Ziel von Nakam war eine Vergeltung für den Holocaust – nicht etwa beschränkt auf die politischen Kriegsverbrecher, die Mörder in den Einsatzgruppen und Vernichtungslagern, sondern erweitert auf prinzipiell alle Deutschen. Für die Nakam bestand für den Millionenmord eine Kollektivschuld – auch die Mitwisser, Dulder und Weggucker waren nach ihrem Dafürhalten Teil des Holocausts gewesen.

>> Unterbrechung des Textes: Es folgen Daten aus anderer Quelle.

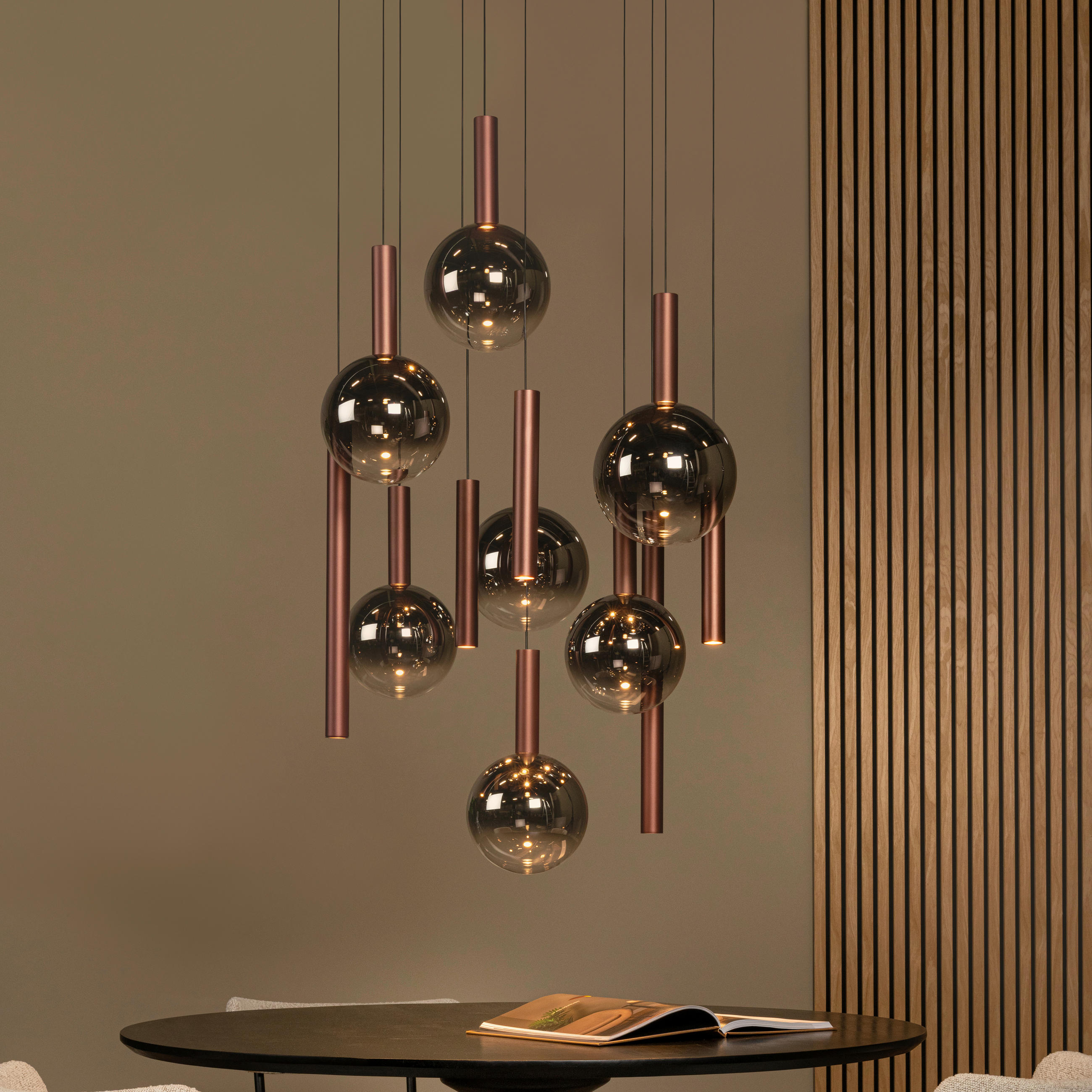 LED-PENDELLEUCHTE JASMINE 75/75/341 cm   - Rot/Grau, Design, Metall (75/75/341cm) - Lucide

Zur Begrüßung einen Schlag mit dem Gewehrkolben
Das Erste, was der Jude Max (August Diehl), der nach dem Krieg in seine Heimat zu seinem Haus zurückkehrt, zu spüren bekommt, ist ein Gewehrkolben zwischen den Augen. „Das ist jetzt mein Haus!“, bellt ihn der Nazi, der sich mit seiner Familie auf seinem Grund breitgemacht hat, auf die Frage an, wieso er Max und seine Familie verraten habe. Um dann unmissverständlich zu drohen: „Glaub ja nicht, dass wir keine Juden mehr töten können, nur weil der Krieg vorbei ist.“
Noch hält Max die Hoffnung zurück, er könne seinen Sohn Benjamin und seine Frau Ruth wiederfinden. Mit dem alten Juden Avram (Yehuda Almagor), den er in den Ruinen der Synagoge trifft, in der er einst geheiratet hat, streift er durchs Land. Der Alte glaubt, im Vernichtungslager den Tod in einem Beutel gefangen zu haben und deshalb unsterblich zu sein. Gemeinsam treffen sie auf die Jüdische Brigade der britischen Armee. Nach Israel solle Max reisen, rät ihm deren Offizier Mikhail (Michael Aloni) – wenn seine Familie die Schoah überlebt habe, würde er sie da treffen.
Max erfährt vom grausamen Ende seiner Familie
Wird er nicht. Eine Frau erzählt ihm vom Tod seiner Lieben. Vom Graben, den sie im Wald ausheben mussten und der zum Grab Zahlloser wurde. Von Erschießungen von Hunderten, und dass die Nazis, als die Munition ausging, mit dem Messer weitergemordet hätten, und als sie dessen wiederum müde wurden, die restlichen Juden lebendig begruben. Noch am Morgen habe sich die Erde bewegt und dann nicht mehr.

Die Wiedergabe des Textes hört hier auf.